In Full Velvet is Forthcoming from Sarabande Books in February 2017.
In Full Velvet was published by Sarabande Books on February 14, 2017. Currently, you can order it here: Powells, Barnes & Noble, Amazon, or order through your local bookstore at IndieBound.
The rigor and formal poise of Jenny Johnson’s work creates an astounding emotional tension. There’s a sinuous, shape-shifting quality to this work that makes her poetic explorations of sex and selfhood all the more resonant. That subtle mastery of line and rhyme is a powerful complement to the poems’ organic commemorating, interrogating, searching. The judges were reminded of the virtuosity that characterizes a master like Elizabeth Bishop; of the profound and active depths, and how her poems ripple with need, and the desire for unity, communion, transformation.
Jenny Johnson is a poet of deep compassion and mesmerizing range. Her work probes the complexities of queer identity and the body, weaving in the unexpected reaches of intimacy and communion found in nature, dreams and lost family histories. The transformative power of community in the face of discrimination and intolerance is also felt throughout much of her work.
Maybe a voice from the ancients whispers to Jenny Johnson—Sappho or the Muse Euterpe—how to sing of love and death and joy and reality in as many registers as they come in life. Or maybe Johnson is just a genius. In either scenario (though the latter seems the obvious one) the pen of this poet flows with hard-won Old Soul ink—blood and tears and juice and kisses. This breathtaking debut is erotic, sublime, dappled and riven with ripe fruit, wild body, and full-on fauna. Lesbian literary history (and the many queer-hearted literatures that keep us alive) has a new chapter here, inscribed In Full Velvet by this magnificently gifted poet.

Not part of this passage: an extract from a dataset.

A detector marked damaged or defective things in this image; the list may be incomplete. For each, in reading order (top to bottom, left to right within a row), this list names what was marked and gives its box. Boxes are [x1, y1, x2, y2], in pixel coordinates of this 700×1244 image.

The sheer joy of Jenny Johnson’s poems finds fuel in the work of poets she loves (Hopkins, William Carlos Williams, Larry Levis), in the wild variety revealed by botany and zoology, in the insights of queer and gender theory, in dyke bars and dancing, and most of all in love and desire — that imperative to which, directly or less so, every other element in this list is in service. When someone writes the history of American poetry in our time, the new energies released among the generation now publishing first books will be unmistakable; Johnson strides into a public space secured for her by Rich and Lorde and a host of others, and makes it brilliantly her own.

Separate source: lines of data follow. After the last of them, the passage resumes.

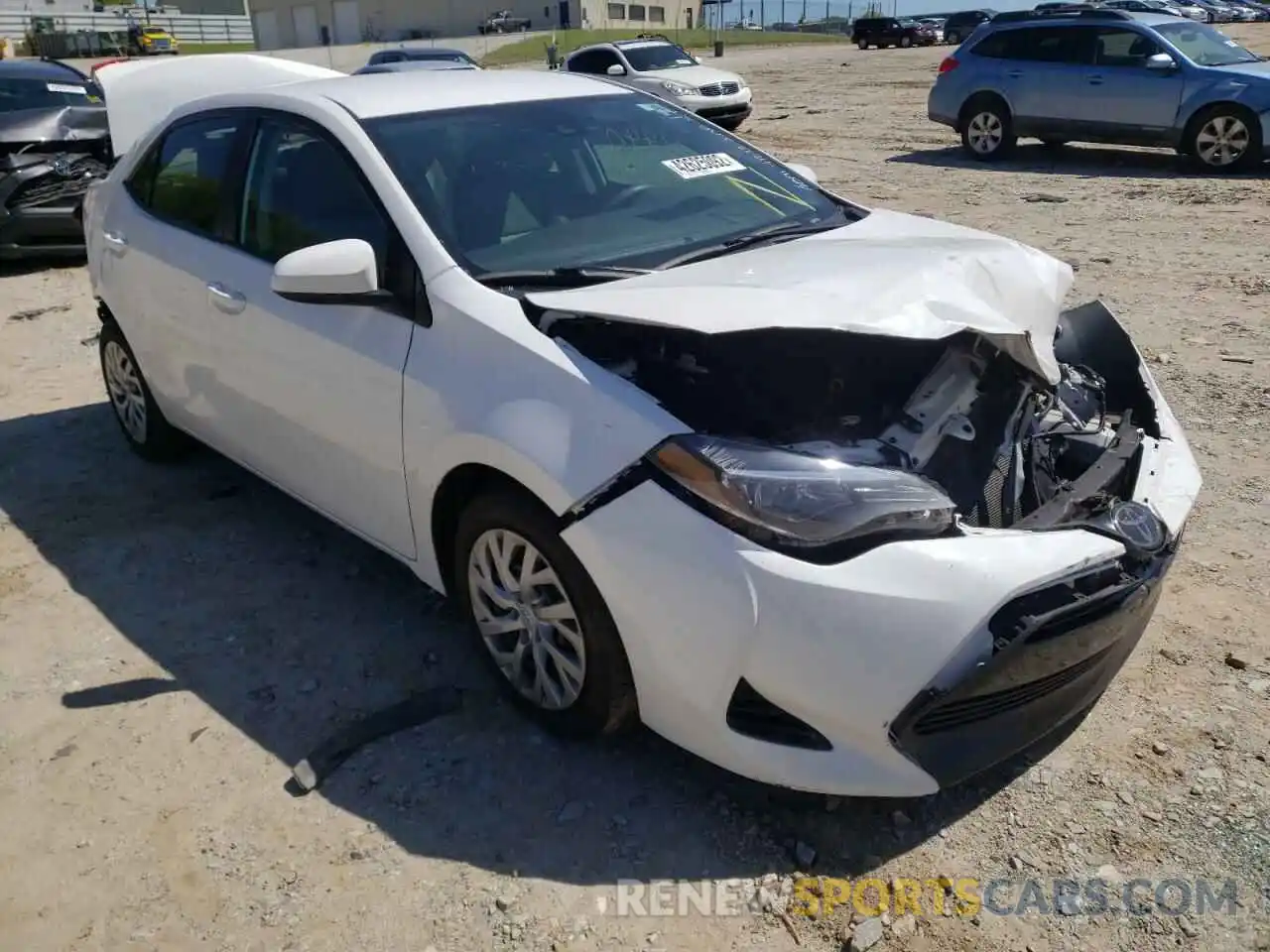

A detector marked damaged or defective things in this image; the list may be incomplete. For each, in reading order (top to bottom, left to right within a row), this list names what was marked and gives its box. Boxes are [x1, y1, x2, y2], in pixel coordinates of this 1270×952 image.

crumpled hood [0, 105, 109, 148]
crashed front end [0, 107, 110, 258]
crumpled hood [643, 63, 746, 86]
crumpled hood [524, 210, 1072, 385]
broken headlight [643, 434, 952, 555]
crashed front end [532, 227, 1206, 793]
damaged bumper [560, 301, 1199, 793]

Pulsing with a formal brilliance and an idiosyncratic lyricism, these poems counter a poetics of ecological crisis by instead enacting a poetics of a shared world within which the human is one species among the species. They pulse, too, with music and the grace of a world filled with strangeness and ardor. Johnson’s diction, raucous and taut, reminds me that English is among the animal sounds we animals make. Her poems enliven my seeing and my thinking about what a poem might do and what a world might be.

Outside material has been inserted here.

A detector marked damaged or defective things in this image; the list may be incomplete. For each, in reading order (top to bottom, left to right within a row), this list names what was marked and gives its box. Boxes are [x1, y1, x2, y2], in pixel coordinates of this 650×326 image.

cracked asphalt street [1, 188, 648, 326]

Jenny Johnson describes the awkwardness and pain as well as the incalculable pleasure of living at odds with nature. Defiant, winking, and rippling with laughter, In Full Velvet walks us (in boy jeans) through a queer landscape of acrylic fur, dappled flanks, and antlers hot to the touch. This story of a “heart hunting after a body” does not promise full recovery: even better, it’s an invitation to spend a few hours in the dyke bar at the end of the world.